Work required:
An exact transcription of each entry below is required, without any pictures.

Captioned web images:
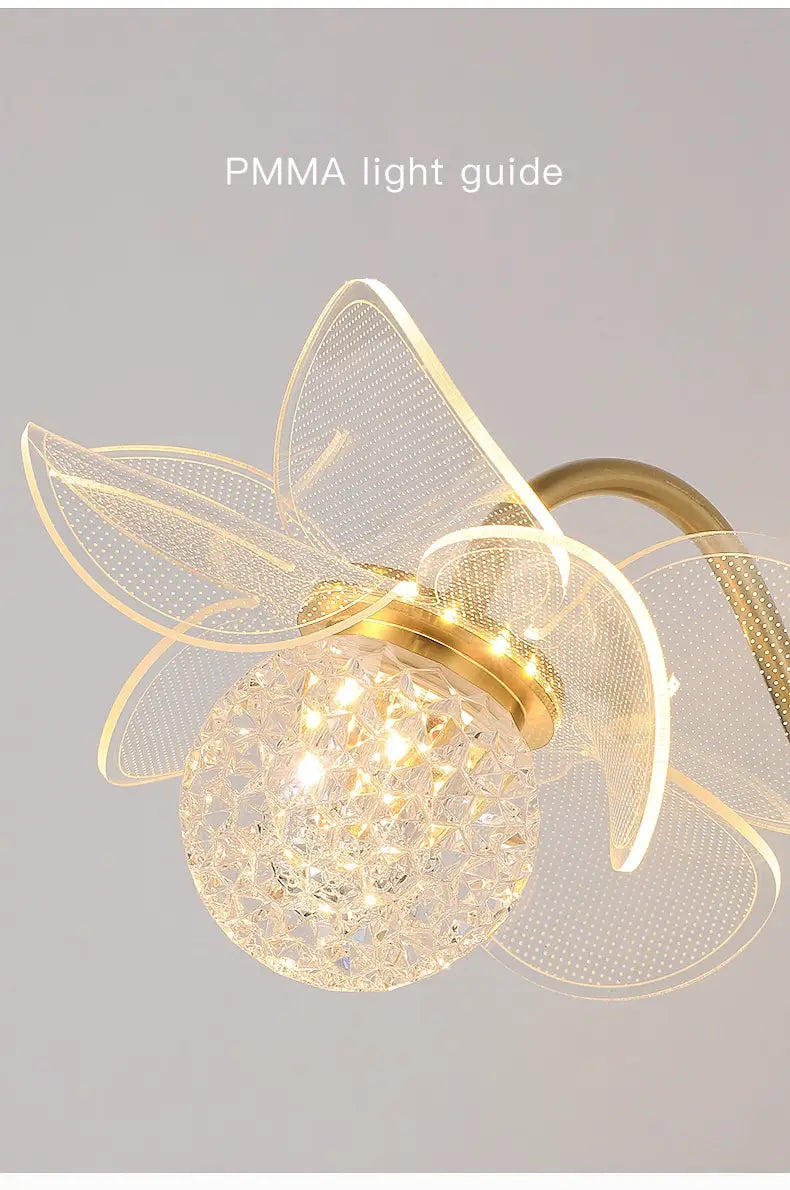 Creative Floral Decorative Gold LED Wall Lamp For Bedroom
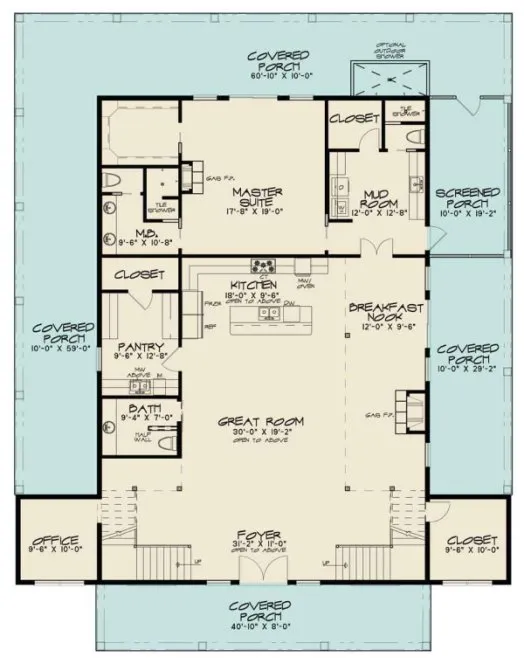Main Floor Plan for House Plan #310414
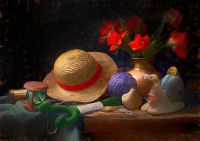 Straw hat still life - Poster A2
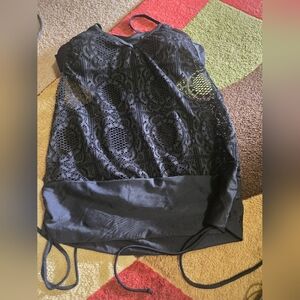 Large Black Lace SeeThrough Long Bathing Suit Top. Padded Bra Area. Top Only.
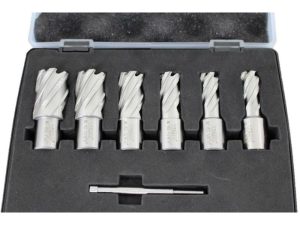 Annular Cutter | TEMO 6 piece 9/16 to 1" Annular Cutter Set Kit Weldon Shank Pilot Pin with Case Annular Cutter Annular Cutter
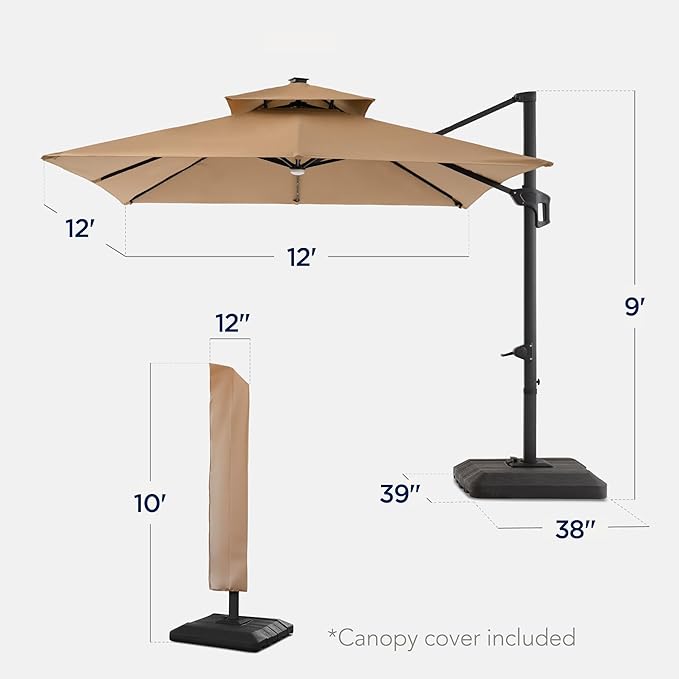 Best Choice Products 12x12ft LED Cantilever Patio Umbrella w/Base Included & 360° Rotation, Large Solar Offset Hanging Outdoor Sun Shade for Deck, Backyard Table w/Stand & Lights – Tan BestChoiceProducts
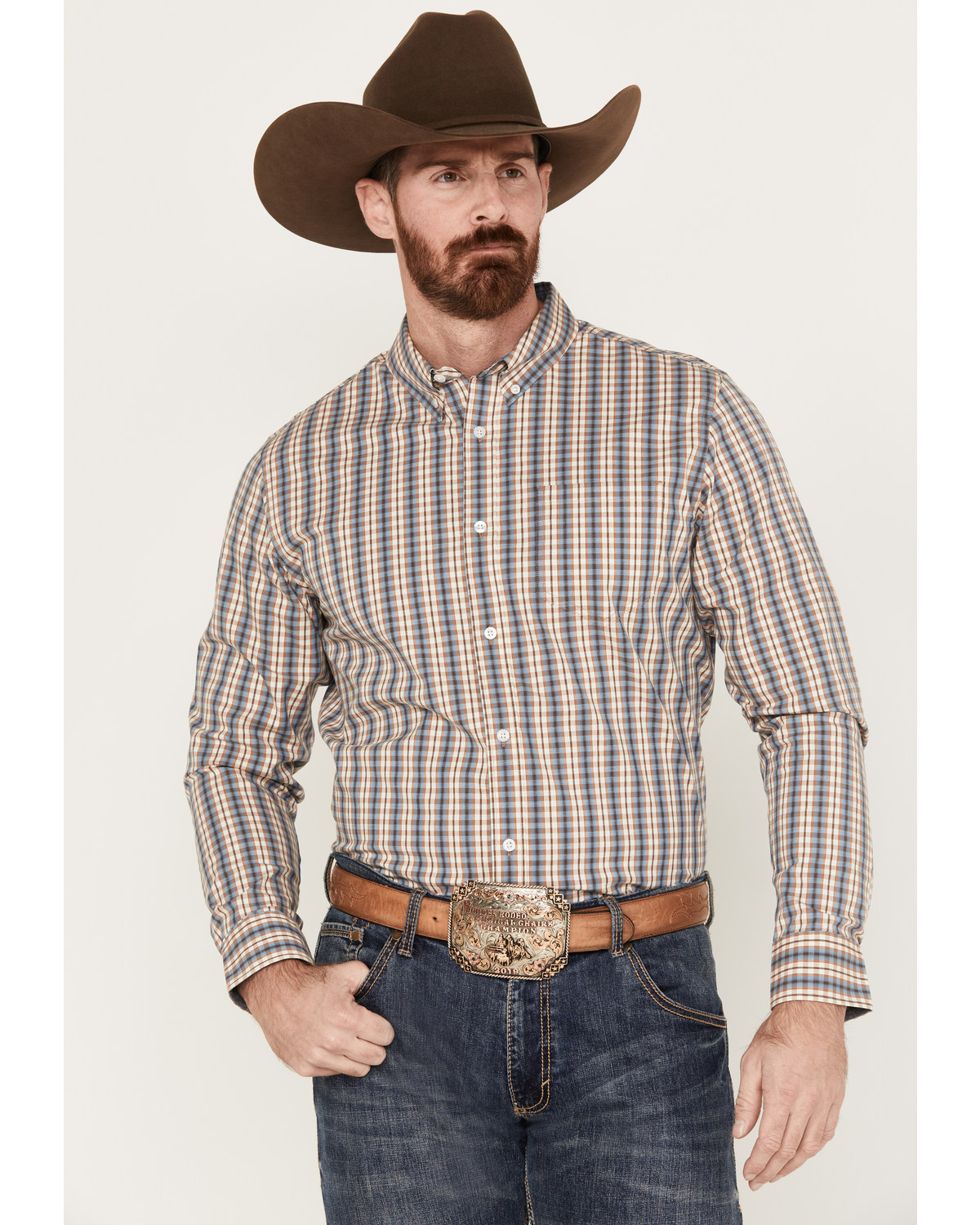 Cody James Men's Hayfield Plaid Print Long Sleeve Button Down Stretch Western Shirt - Tall
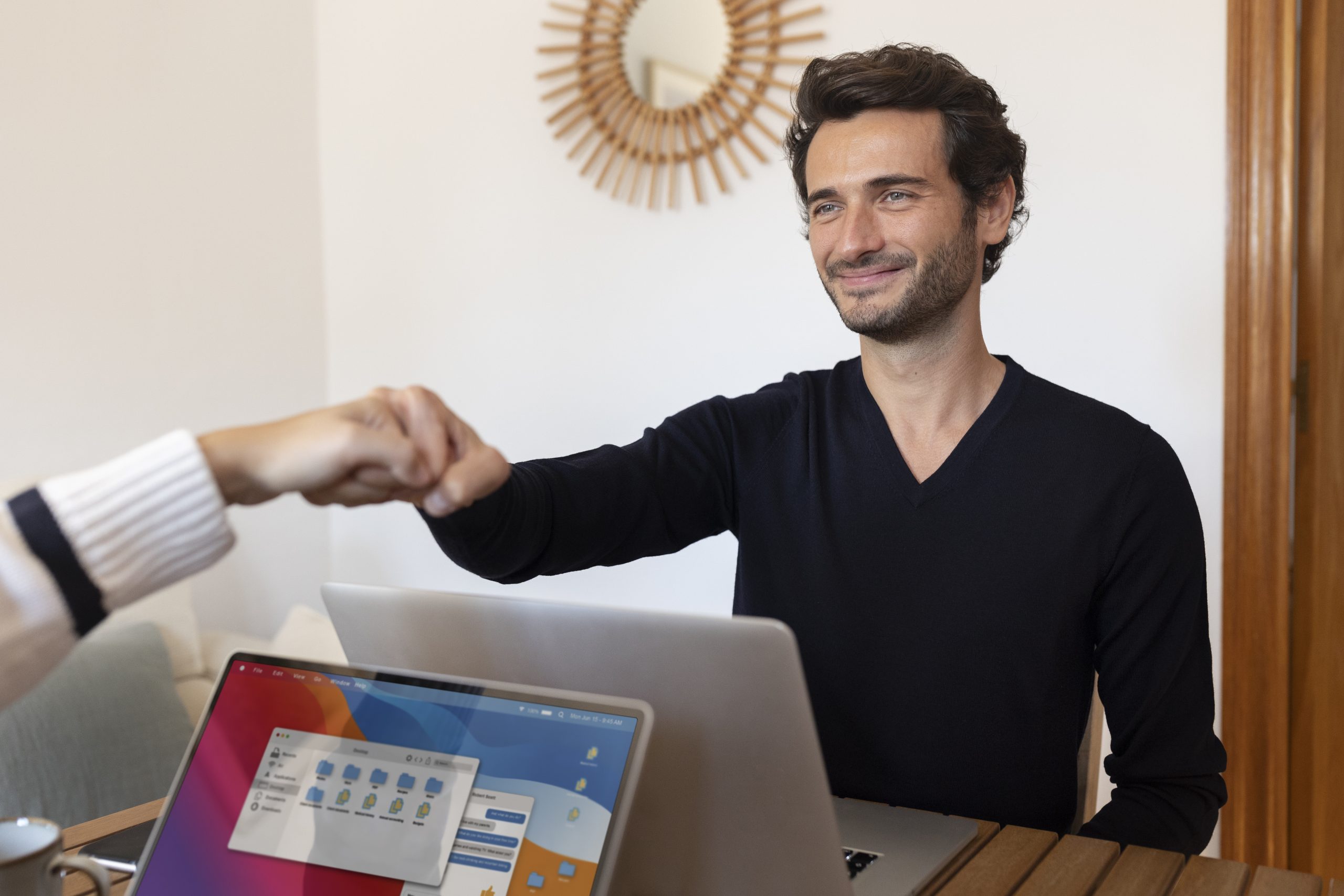 close up people working from home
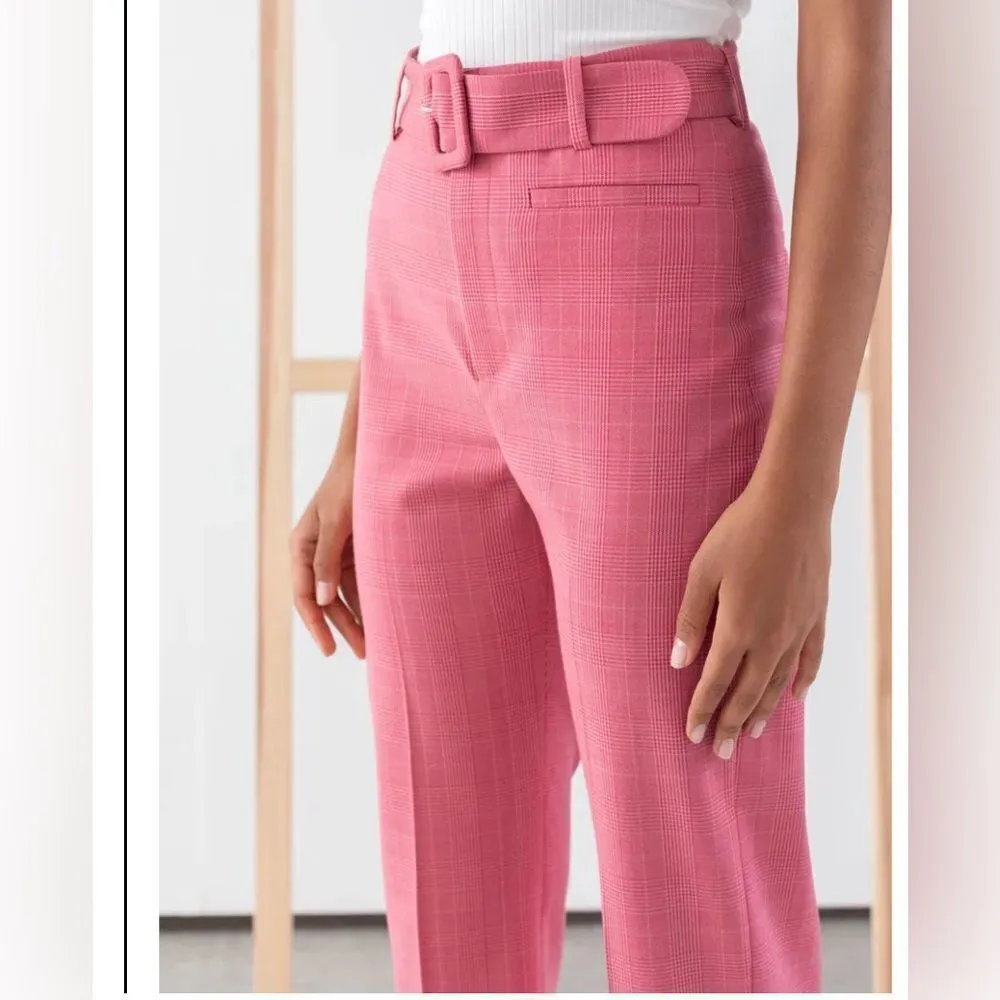 & OTHER STORIES Belted Plaid Kick Flare Trousers Pink Wool Blend- Size 6 - Image 3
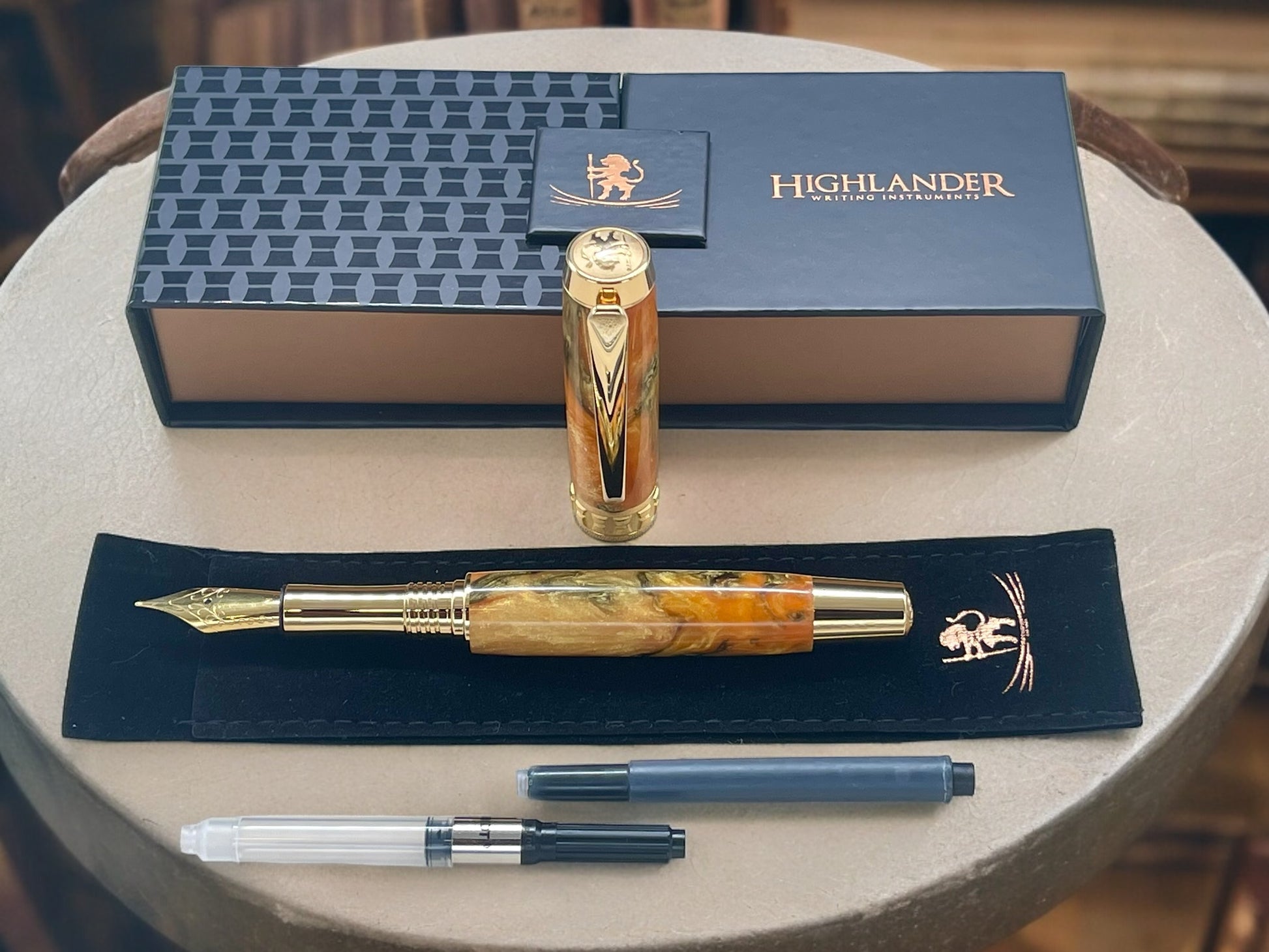 Striking “Orange Gold Swirl” Gold Fountain Pen, Artisan Handcrafted Writing Instrument. Simple to Use. Handmade with Custom Hardware in CO. - HighlanderPen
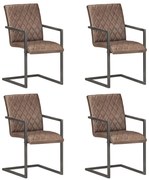 vidaXL Cadeiras de jantar cantilever 4 pcs couro genuíno castanho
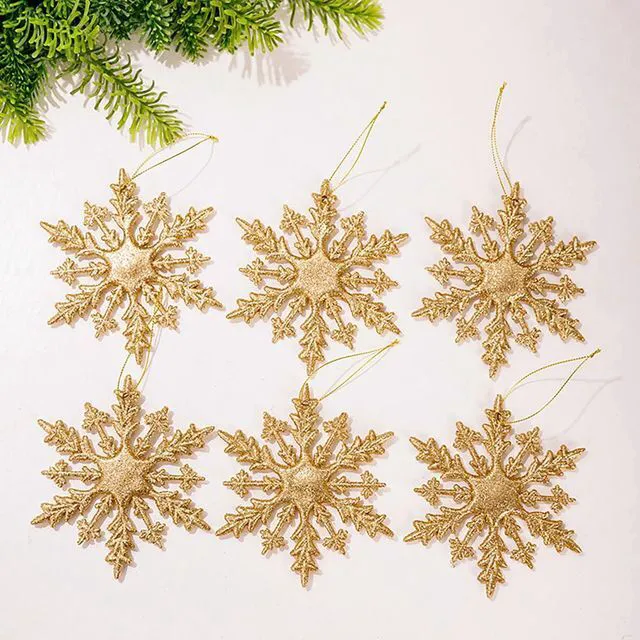Alt view image 4 of 7 - POUOJIEYI Christmas Decorations 6Pcs Glitter Gold Snowflake Hanging Ornament PVC Snowflakes Decorations Christmas Tree Ornaments for Outdoor Indoor Xmas Holiday Party Decorations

Worked solution:
 Creative Floral Decorative Gold LED Wall Lamp For Bedroom
Main Floor Plan for House Plan #310414
 Straw hat still life - Poster A2
 Large Black Lace SeeThrough Long Bathing Suit Top. Padded Bra Area. Top Only.
 Annular Cutter | TEMO 6 piece 9/16 to 1" Annular Cutter Set Kit Weldon Shank Pilot Pin with Case Annular Cutter Annular Cutter
 Best Choice Products 12x12ft LED Cantilever Patio Umbrella w/Base Included & 360° Rotation, Large Solar Offset Hanging Outdoor Sun Shade for Deck, Backyard Table w/Stand & Lights – Tan BestChoiceProducts
 Cody James Men's Hayfield Plaid Print Long Sleeve Button Down Stretch Western Shirt - Tall
 close up people working from home
 & OTHER STORIES Belted Plaid Kick Flare Trousers Pink Wool Blend- Size 6 - Image 3
 Striking “Orange Gold Swirl” Gold Fountain Pen, Artisan Handcrafted Writing Instrument. Simple to Use. Handmade with Custom Hardware in CO. - HighlanderPen
 vidaXL Cadeiras de jantar cantilever 4 pcs couro genuíno castanho
Alt view image 4 of 7 - POUOJIEYI Christmas Decorations 6Pcs Glitter Gold Snowflake Hanging Ornament PVC Snowflakes Decorations Christmas Tree Ornaments for Outdoor Indoor Xmas Holiday Party Decorations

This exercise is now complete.